The Financial Conduct Authority ("FCA") has published its policy statement reviewing the rules in the Client Assets Sourcebook (CASS). The Review of the client assets regime for investment business (PS14/9), published on 10 June 2014, details the rule changes being introduced and the relevant deadlines for the rules to come into force.

PS14/9 summarises the results of the FCA's consultation on CASS, which had focused on the protection of client assets, including ensuring that firms are capable of enacting the swift return of assets to clients in the event of insolvency, and therefore guaranteeing greater market stability in the event of firm failure. The aim was to amend the existing rules in order to promote confidence in the UK market and consumer protection.

The FCA decided not to proceed with a number of the proposals outlined in its consultation paper, including changes to client money distribution rules as the regulator is currently awaiting the Treasury's response to the review of the special administration regime (SAR) which was published in January, before conducting a further review of CASS later in the year where it will likely consider further changes.
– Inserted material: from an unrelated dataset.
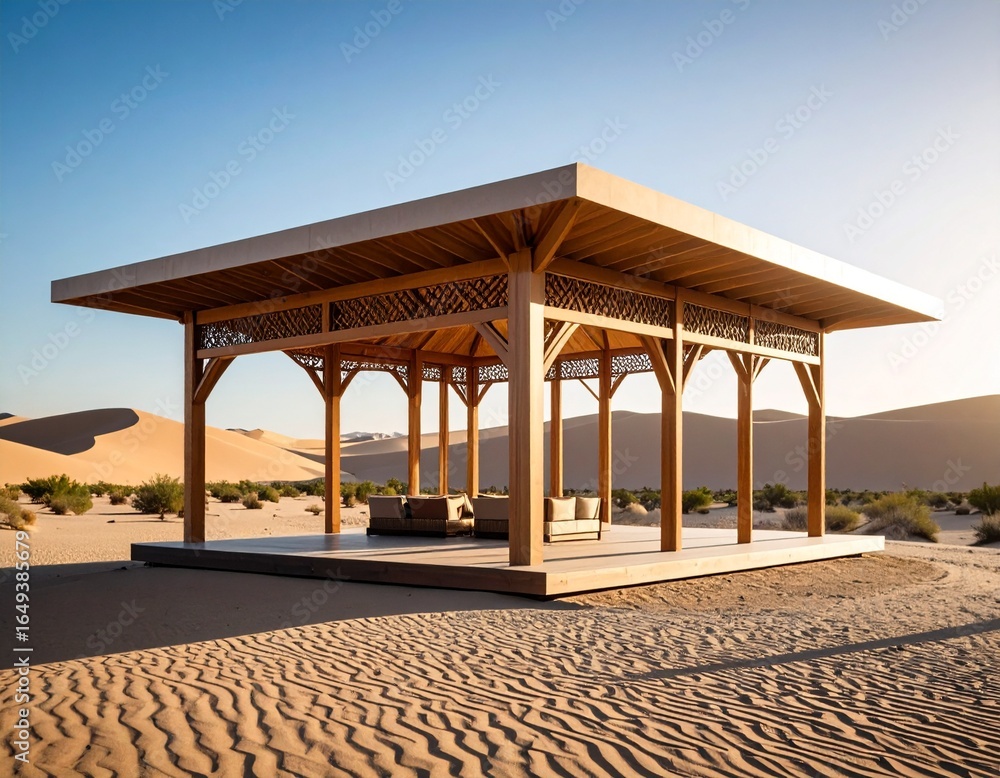 Fototapeta premium Contemporary Pavilion in the Desert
However, the published rules amount to a significant change to the current CASS regime. A particular focus of the amendments has been improving how firms comply with the fundamental requirement that: (a) firms segregate the client assets they hold from their own and (b) they regularly and accurately record the details of assets held. We outline two of the key changes introduced by PS14/9 below. 

Asset segregation

The rules aim to ensure that most client assets cannot be held in an institution's own accounts, even for a short time pending a reconciliation to a client account the following day. It is hoped that this immediate segregation of assets will prevent the confusion upon insolvency which was exemplified by the litigation following the collapse of Lehman Brothers. The aim is to ensure that client assets are safe and can be easily identified upon insolvency. For firms with complex arrangements, such as larger international firms, there is an ''alternative approach'' by which client funds may be mixed with the firm's own cash, but this approach will need to be approved by the FCA before implementation.
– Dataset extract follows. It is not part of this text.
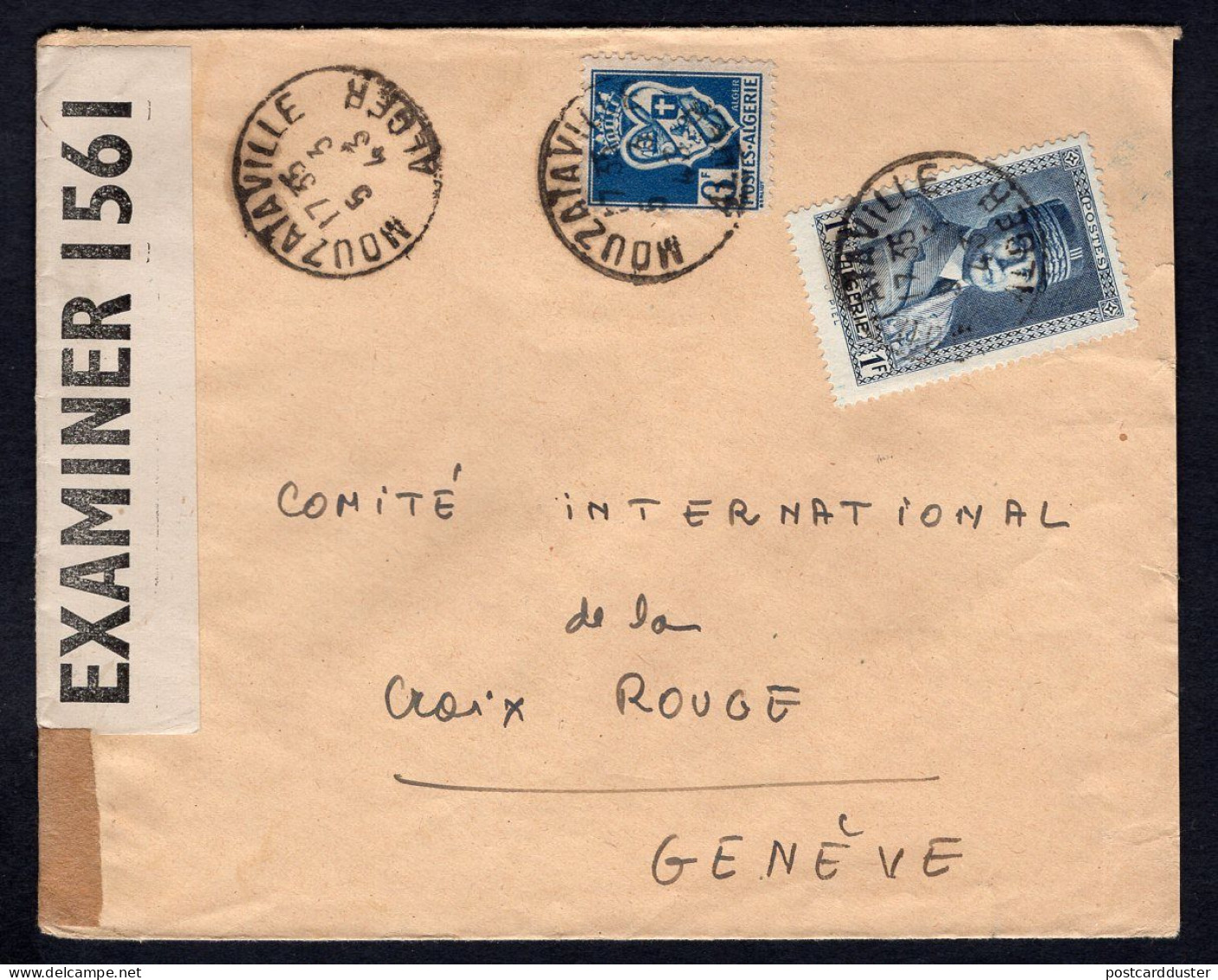 FRENCH ALGERIA Mouzaïaville 1943 Censored Cover To Switzerland (p4099) - Covers & Documents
Another key aim of the new regime is to improve the records firms keep of client assets, so that firms ensure that records contain all relevant details, are reviewed regularly and kept accurate. Monthly custody record checks must also be conducted to ensure the correct location of assets, and non-written mandates must also be recorded. There are also stricter requirements to make it easier for the FCA to take enforcement action if client money goes missing, such as the need for a written contract between custodian and client if a custodian consigns assets in its keeping to another institution. The new rules also require additional information to be provided to customers regarding firm policies on client money, as well as information in relation to how money is held and protected.
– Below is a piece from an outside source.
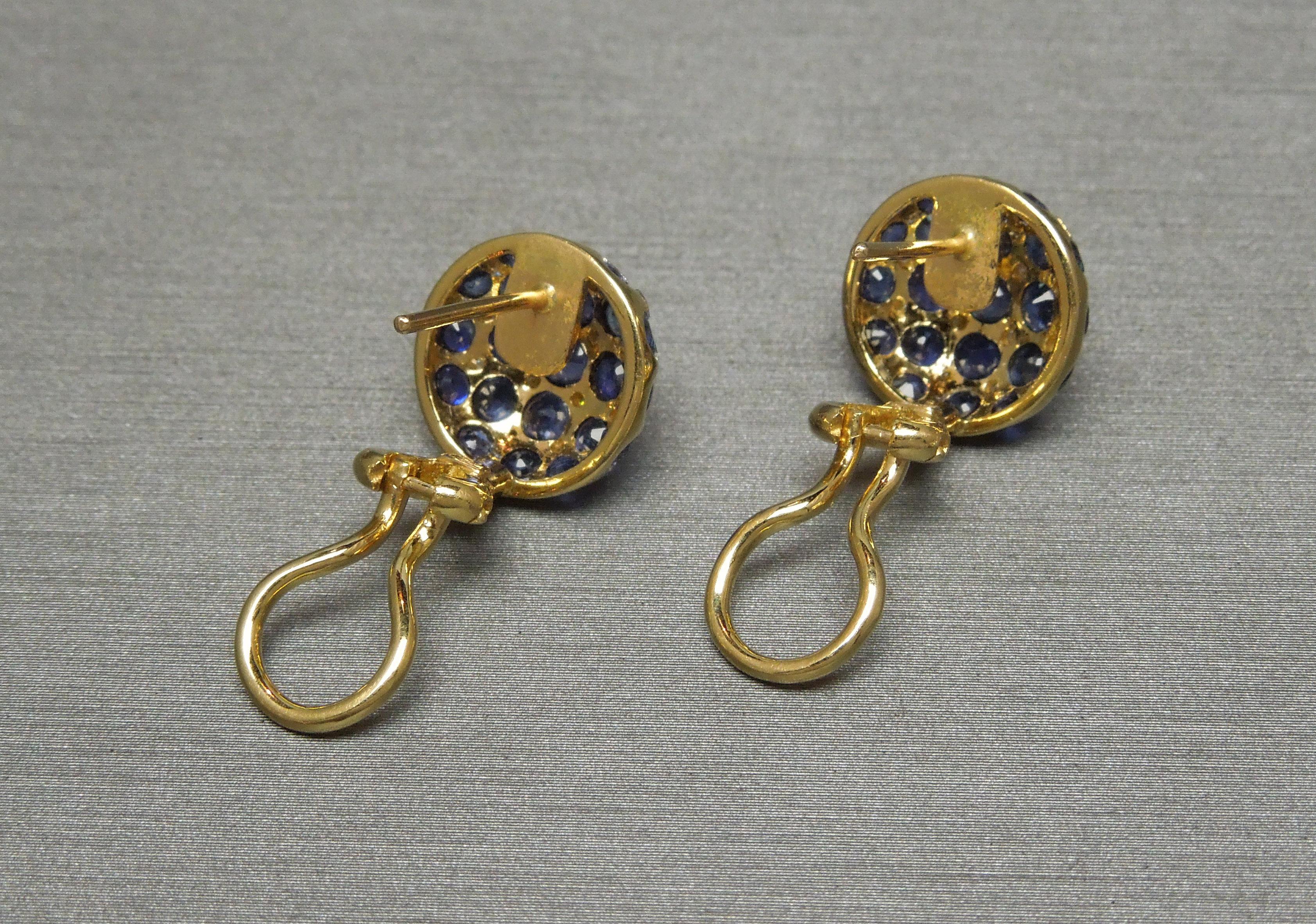Round Cut 18 Karat Kashmir Sapphire and Diamond Button Earrings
These changes are being introduced in three stages: 1 July 2014 (changes that are expected to be non-material), 1 December 2014 and 1 June 2015. Firms may face a number of challenges regarding the practicalities of becoming CASS compliant before the rules come fully into effect. The new rules will require firms subject to CASS to review and amend where necessary their operational processes around the identification, segregation, handling and reporting of client money and assets. In addition, the rules are likely to necessitate changes to client-facing documentation to ensure that they reflect the way that cash and assets will be held and require consent or disclosure as required. Given the scope of the changes announced in PS14/9, firms, particularly those with complex or large-scale client asset arrangements, should start to assess their compliance with the rules in good time before they come into force.